Consider this real-world example: The distance between Aachen, Germany and Perth, Australia is approximately 14,000 km. Light travels this distance in about 50ms. A traceroute between these locations shows 26 network hops and roughly 260ms round-trip delay.
If we add typical VoIP-related components (packetization, jitter buffers, etc.) of about 120ms and divide by 2 for one-way calculation, we get approximately 210ms mouth-to-ear delay. Yes, this exceeds our theoretical 150ms threshold, but it’s not catastrophic.
In 20 years working in the VoIP business, I’ve never seen or heard of actual issues with end-to-end VoIP delay. Not once.
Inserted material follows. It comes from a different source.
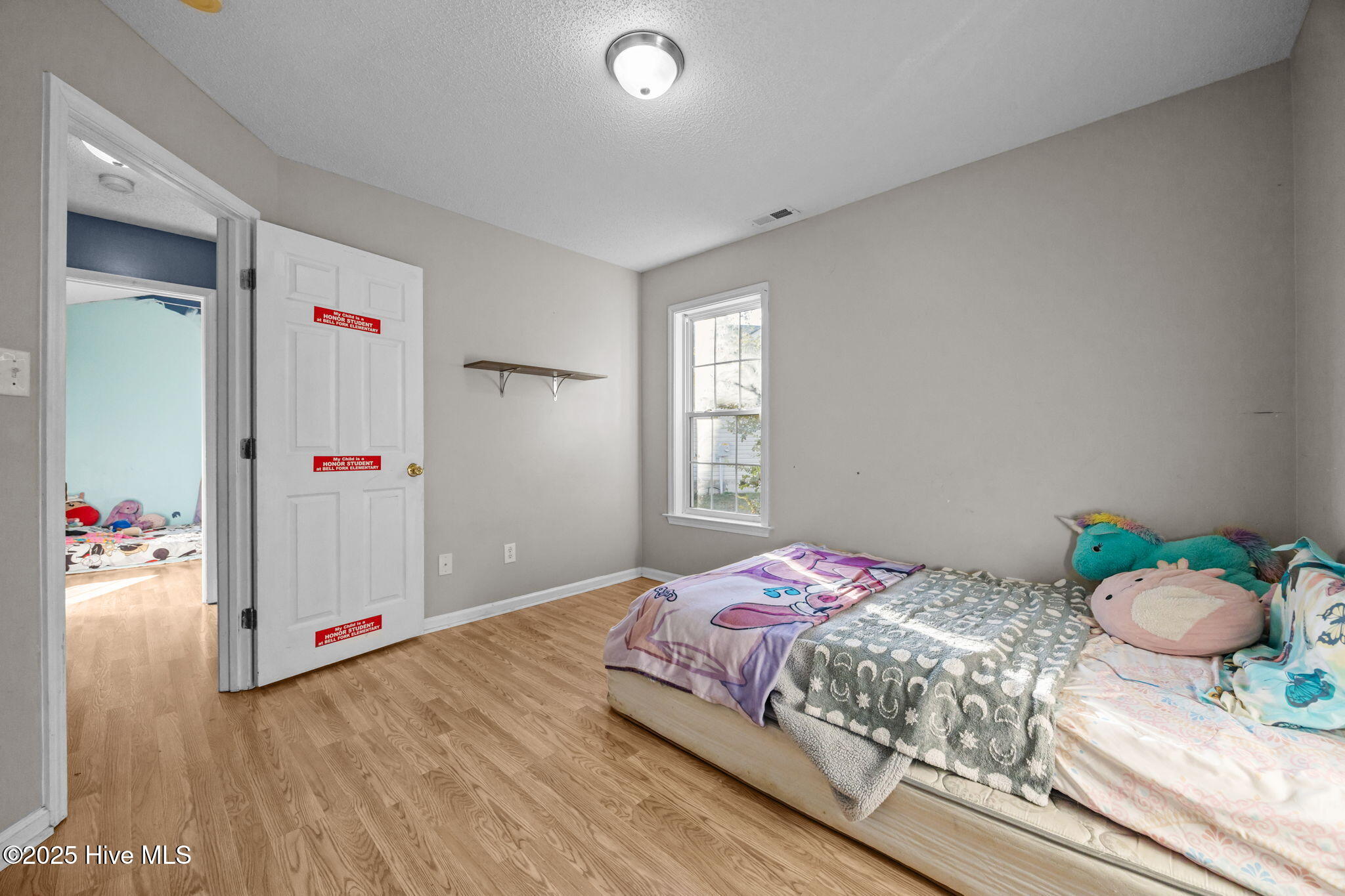 100544873 | Photo 23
Every time latency appeared to be the culprit, we were chasing phantoms.
Even if: what can you possibly do about it? You can’t lay a direct optical connection between every point on the globe. You can’t change the speed of light. Some delay is simply physics.
Even if there were genuine delay issues, there’s hardly anything you could do about it from an operational perspective. That’s the key point here: latency is an engineering or planning topic, not an operational issue. Many of the delay components are fixed by design or physics, not something you can adjust in daily operations.
What actually impacts user experience? Delay variations – also known as jitter.
VoIP requires a continuous flow of packets to maintain audio quality. Variations in delay lead to gaps in the audio and/or force receivers to implement larger de-jitter buffers. And here’s the irony: those larger buffers actually increase overall delay. By trying to solve one problem (jitter), you’re making another worse (latency).
These variations are typically caused by buffering network elements – things that you can actually monitor and fix within your network. Congested routers, overloaded switches, and poorly configured QoS policies are the real culprits behind most perceived “delay problems.”
So my recommendation? Forget about latency and delay metrics for operational purposes. Yes, include them in RFQs and standards if you must, but recognize that for actual day-to-day operations, they’re practically impossible to measure reliably and accurately. The dominant factors are often not under your control anyway.
Focus instead on what you can change: jitter and packet loss. These are the metrics that will actually help you identify and resolve the issues that truly impact your users’ experience – and stop you from wasting time chasing phantoms.